* _TASK DESCRIPTION_
Each line below needs to be returned exactly. Skip any picture.

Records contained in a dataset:
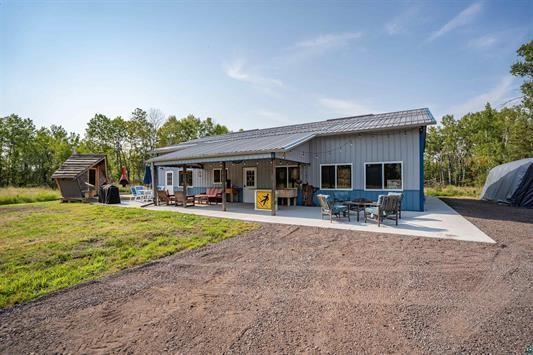 rear view of property with board and batten siding, a patio area, and a yard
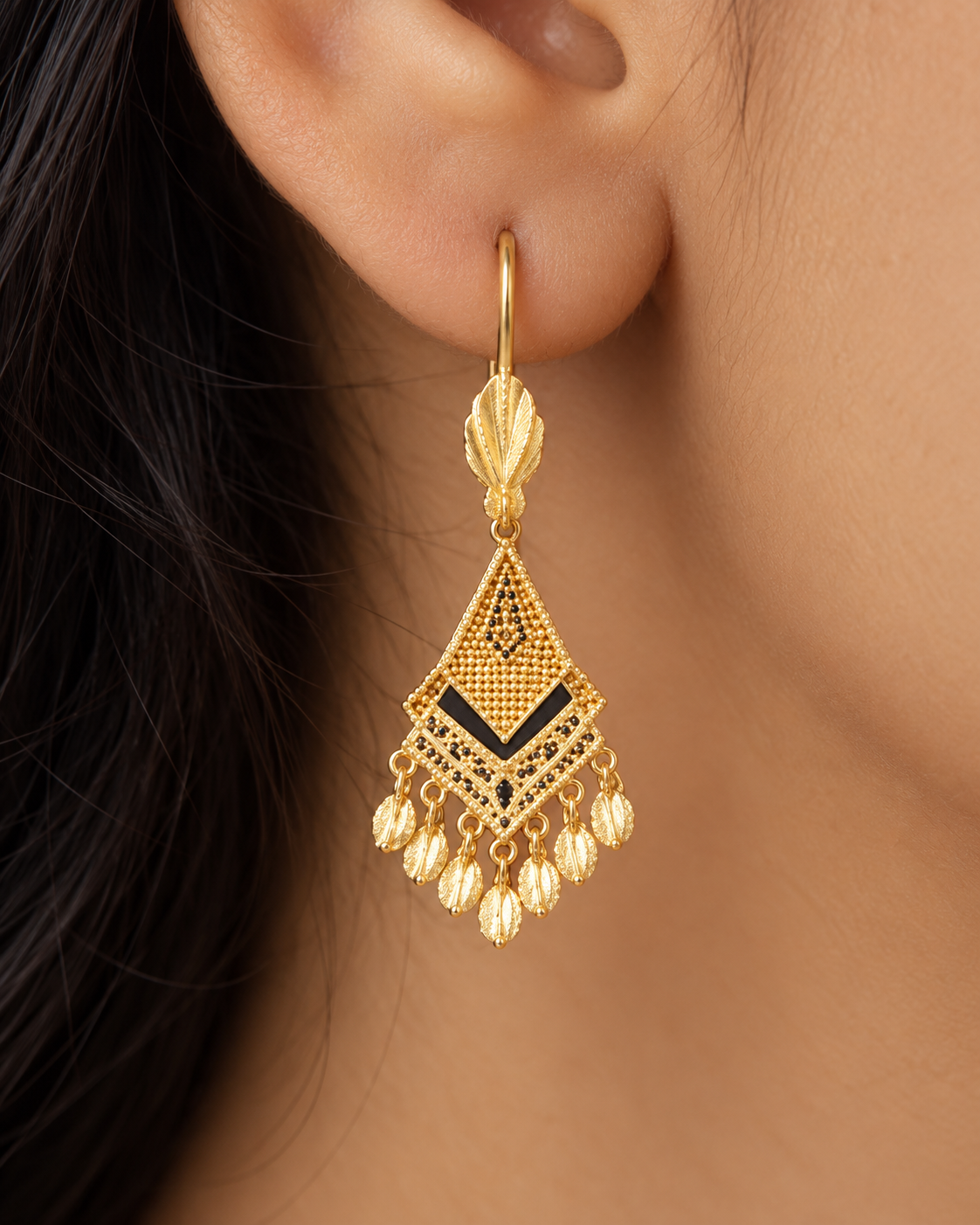 Gold kite earrings with black enamel chevron and leaf fringe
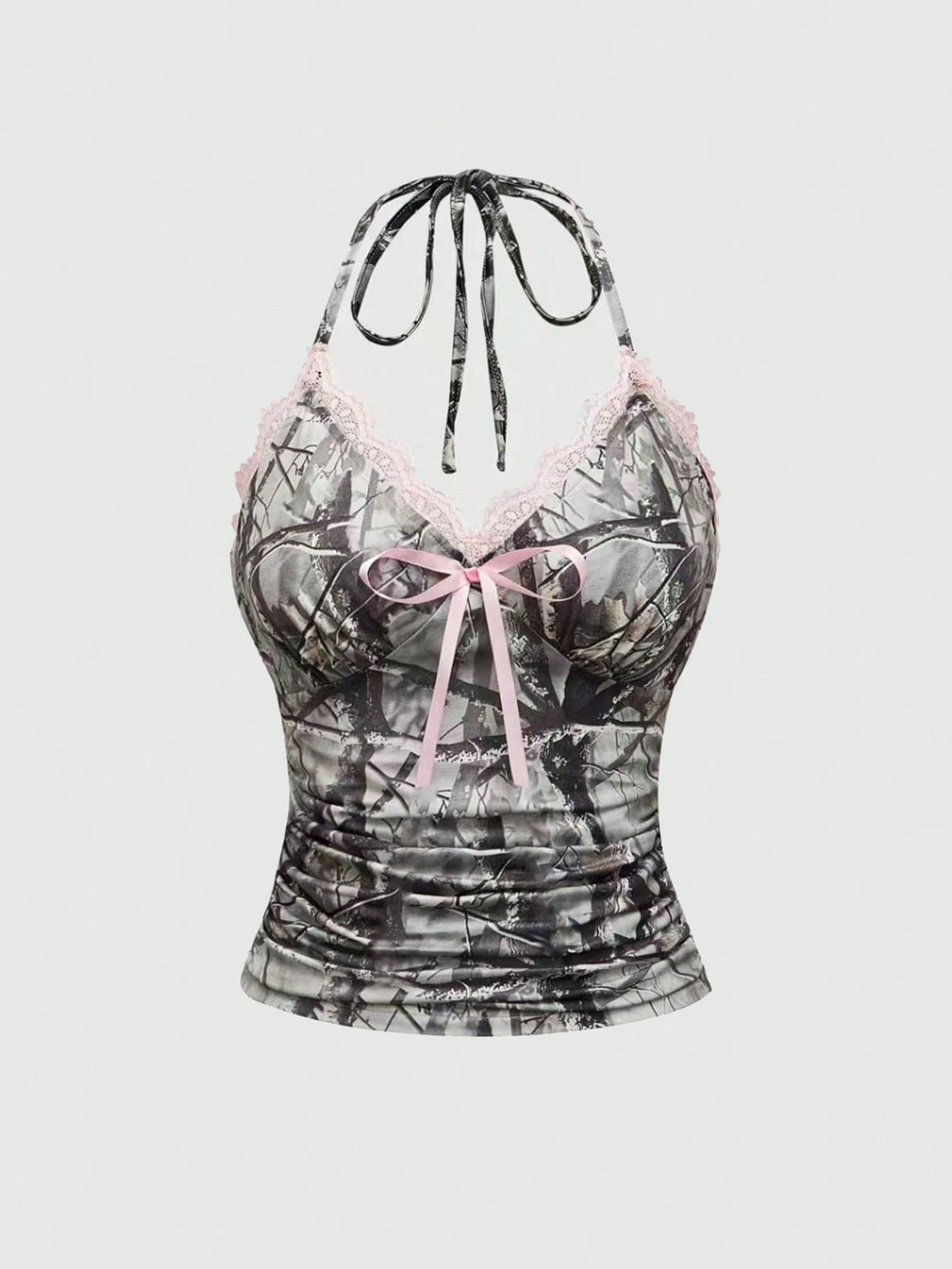 Women's slim fit camo crop tank top styled with contrast lace trim, front bow accent, and matching arm sleeves.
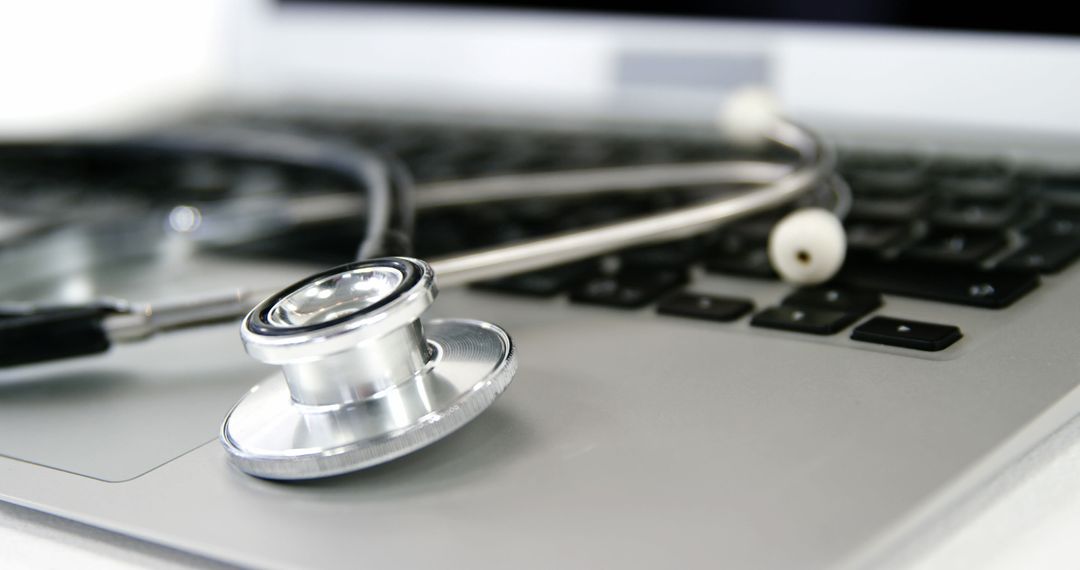 Stethoscope on Laptop Keyboard Illustrating Telemedicine and Online Healthcare - Free Images, Stock Photos and Pictures on Pikwizard.com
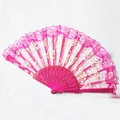 Close-up of pink lace dance fan with golden rose patterns and ornate plastic ribs - Rose Red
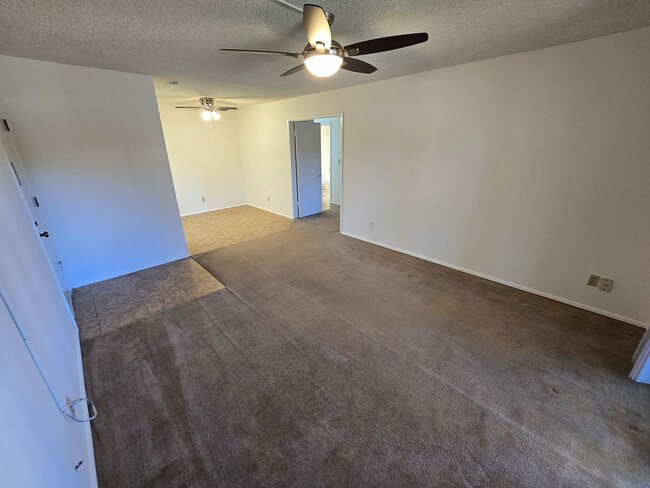 Photo - Move-In Special: 1/2 off 1st Month's Rent!!! Freshly Painted 1-Bedroom Condo with Covered Parking Unit 93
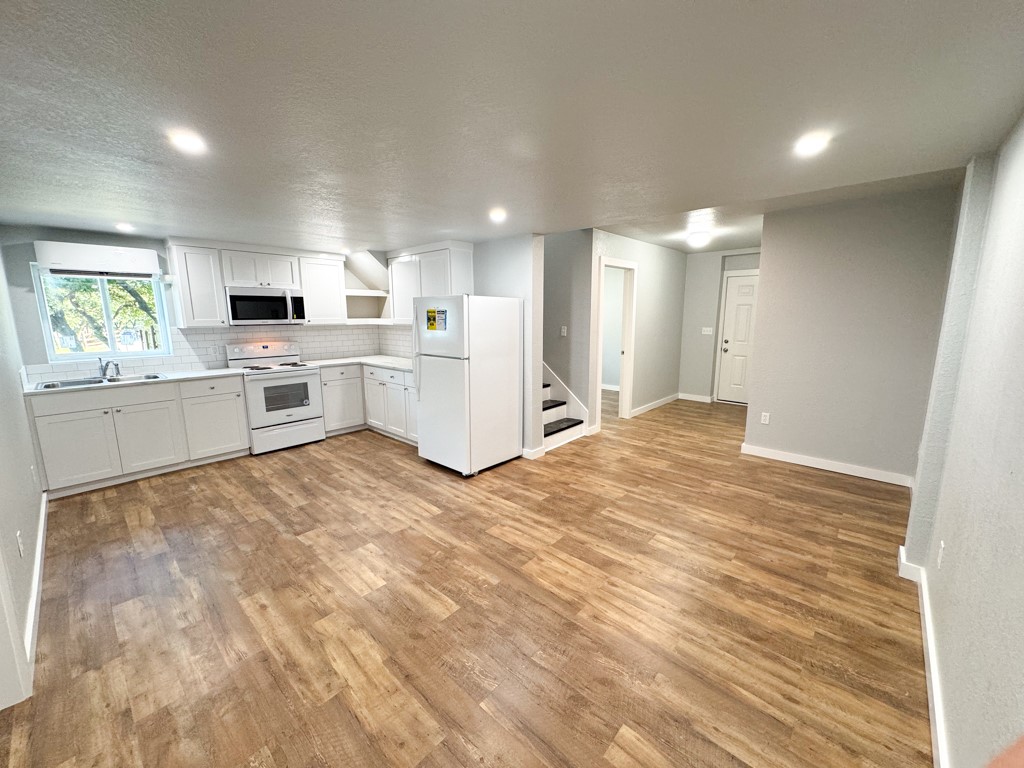 a large kitchen with kitchen island a sink stainless steel appliances and cabinets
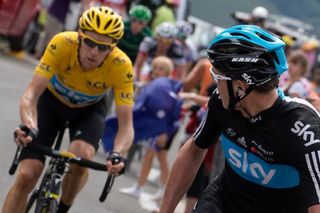 Second in the overall standings, Chris Froome looks back at overall leader and teammate Bradley Wiggins as they ride in the 17th stage of the 2012 Tour de France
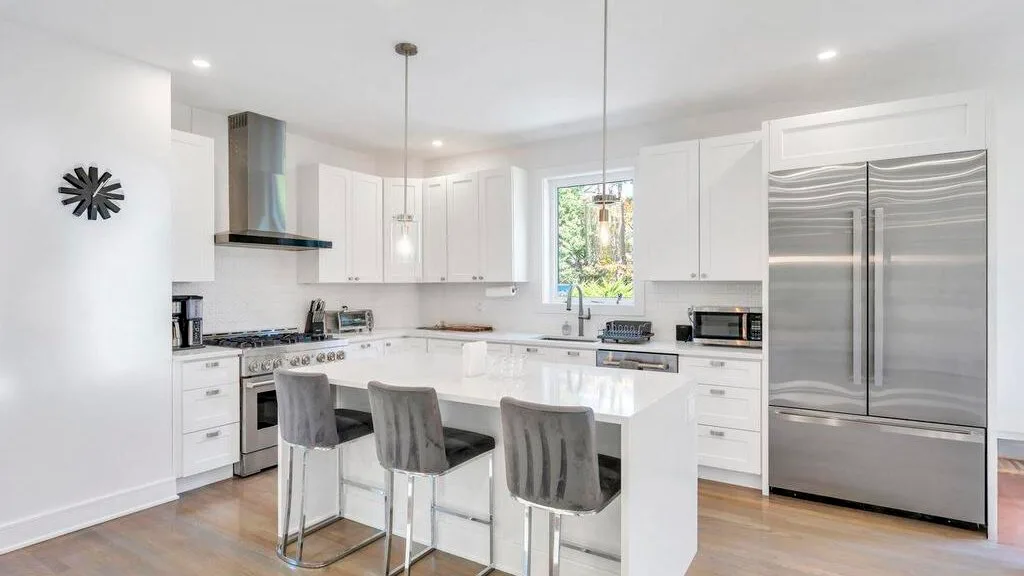 Una cocina moderna y luminosa con una isla central y electrodomésticos de acero inoxidable.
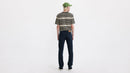Person wearing a striped shirt, dark jeans, and a green cap on a white background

* _ANSWER BOX_
 rear view of property with board and batten siding, a patio area, and a yard
 Gold kite earrings with black enamel chevron and leaf fringe
 Women's slim fit camo crop tank top styled with contrast lace trim, front bow accent, and matching arm sleeves.
 Stethoscope on Laptop Keyboard Illustrating Telemedicine and Online Healthcare - Free Images, Stock Photos and Pictures on Pikwizard.com
 Close-up of pink lace dance fan with golden rose patterns and ornate plastic ribs - Rose Red
 Photo - Move-In Special: 1/2 off 1st Month's Rent!!! Freshly Painted 1-Bedroom Condo with Covered Parking Unit 93
 a large kitchen with kitchen island a sink stainless steel appliances and cabinets
 Second in the overall standings, Chris Froome looks back at overall leader and teammate Bradley Wiggins as they ride in the 17th stage of the 2012 Tour de France
 Una cocina moderna y luminosa con una isla central y electrodomésticos de acero inoxidable.
Person wearing a striped shirt, dark jeans, and a green cap on a white background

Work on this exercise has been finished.